Exercise directions: Find, in the records below, the line that contains "If neither of" and the line that contains "I have a video". Copy those two lines and everything between them exactly, but not the pictures.

Data under study:
• • • •

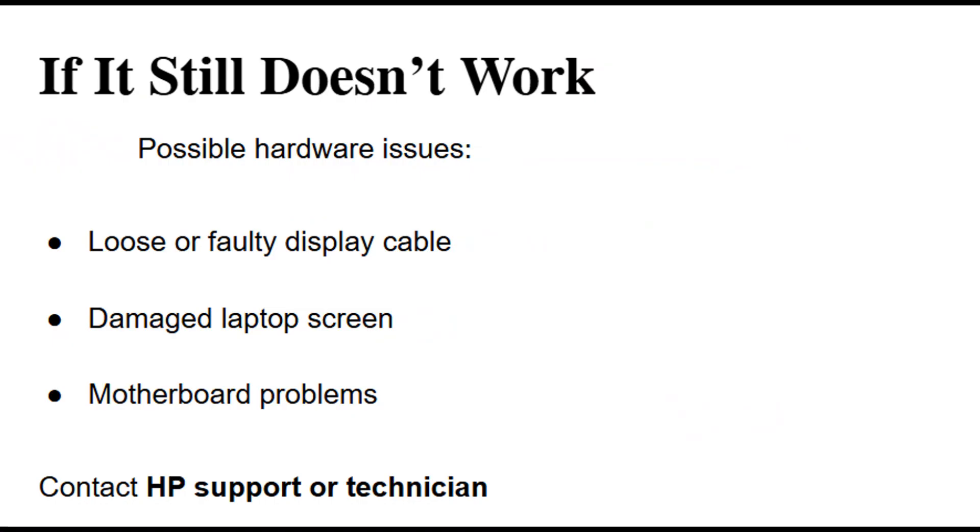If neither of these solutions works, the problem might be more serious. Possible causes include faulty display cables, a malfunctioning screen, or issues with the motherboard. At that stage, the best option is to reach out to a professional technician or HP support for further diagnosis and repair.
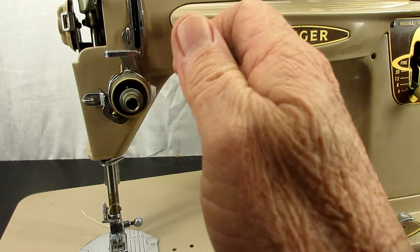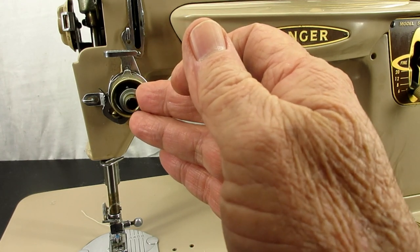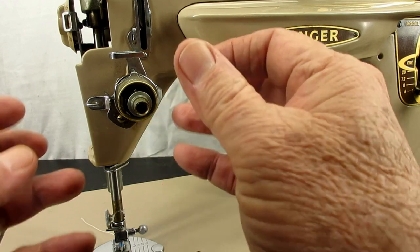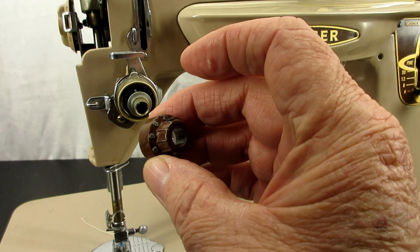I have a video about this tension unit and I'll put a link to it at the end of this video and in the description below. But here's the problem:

• • • •

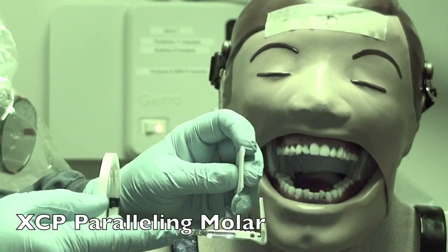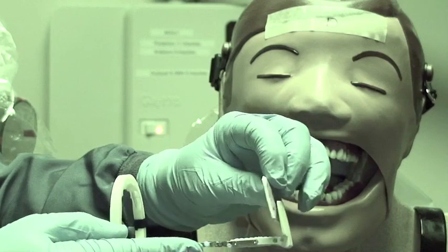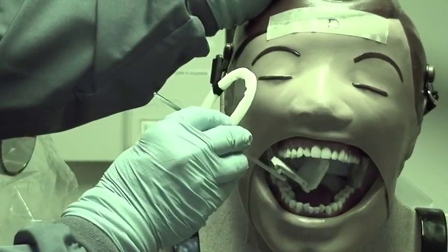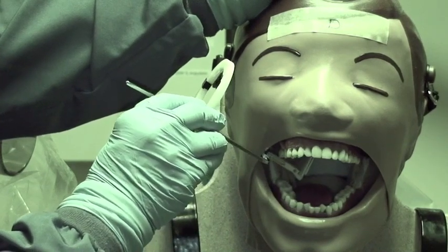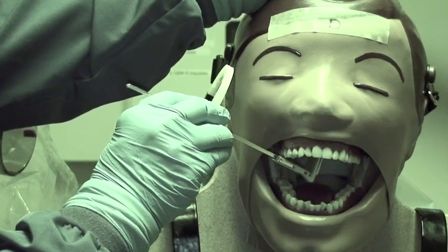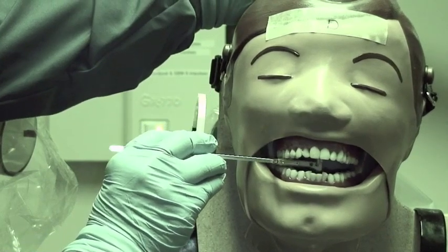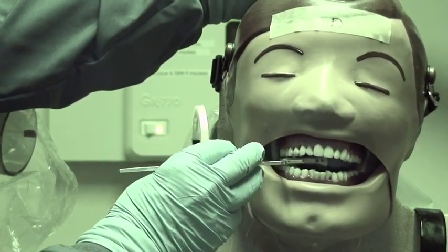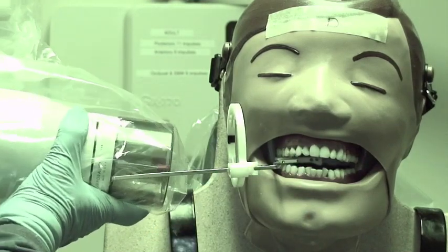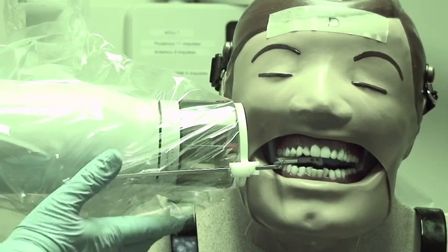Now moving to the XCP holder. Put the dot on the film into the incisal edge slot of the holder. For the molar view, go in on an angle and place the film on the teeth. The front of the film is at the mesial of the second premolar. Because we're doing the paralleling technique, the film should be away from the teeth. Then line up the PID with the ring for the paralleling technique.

• • • •

Task output:
If neither of these solutions works, the problem might be more serious. Possible causes include faulty display cables, a malfunctioning screen, or issues with the motherboard. At that stage, the best option is to reach out to a professional technician or HP support for further diagnosis and repair.
I have a video about this tension unit and I'll put a link to it at the end of this video and in the description below. But here's the problem:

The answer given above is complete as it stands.